Obviamente que Mandela não morre; não morrem os heróis que têm o tamanho do céu e da terra, do presente e do futuro. Precisamos da luz de Mandela.


terça-feira, 25 de junho de 2013

Capadócia, Turquia

Estive, há poucas semanas, na Capadócia, região de dois vulcões extintos, há milhares de anos. A primeira percepção é de encantamento, pela novidade, pela surpresa, pela extensão, pela história… Grutas e mais grutas, umas à superfície, como se fossem vestígios de castelos e de mundos mágicos, outras subterrâneas, habitação, durante séculos (do VI ao IX), das populações daí. 
Também impressiona o vale das igrejas bizantinas, escavadas na rocha, como se, a procura de sentido, fosse, nesse tempo, como hoje ainda, o marcar da vida. A relação do homem com o transcendente é tão enigmática e ao mesmo tempo tão avassaladora que nos perturba. Por que haverá, naquele vale e naquela encosta, tantas igrejas, todas seguidas, pequenas, maiores, baixas, altas…?
Nalgumas, há pinturas, cenas bíblicas, representações duma cristandade que nos é familiar.

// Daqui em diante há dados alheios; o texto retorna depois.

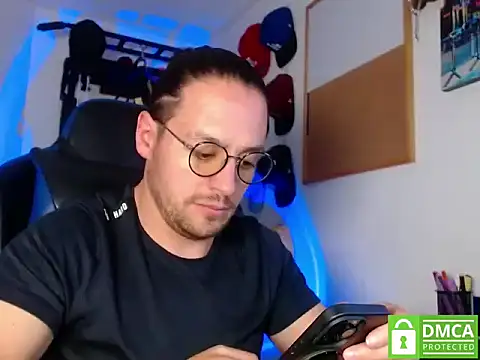 kurt xx online show from 8, 11, 2025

De resto, o que nos invade, quando percorremos o vale, não é uma sensação de estranheza, mas de interrogação: como foi possível? Foi possível porque se conjugaram os ventos, as chuvas, as areias...tudo, até a mão de Deus, dirão alguns. Gostei muito.


quarta-feira, 12 de junho de 2013

A Praça Taksim, Istambul

Esta é já a praça símbolo de todos os protestos, dos que reivindicam a possibilidade e o direito de viver livremente de acordo com a sua consciência, sem os ditames da religião que não professam. O laicismo é generalizado, por que tem, então, a constituição de por em causa direitos individuais. As crenças dão chão, sustentam, equilibram…, de algum modo, somos aquilo em que acreditamos, mas em rigor têm de ser crenças que aceitamos ou escolhemos livremente.
A liberdade de agir, a liberdade de escolha, é de cada um, da sua autonomia, do seu ser eu, em definitivo. É por isso que todos estamos naquela praça, todos estamos pela decência e pela dignidade humana. Todos estamos em Istambul, Atenas, Lisboa, Paris…, onde faça falta. Nós e os outros, livres e iguais, seja onde for.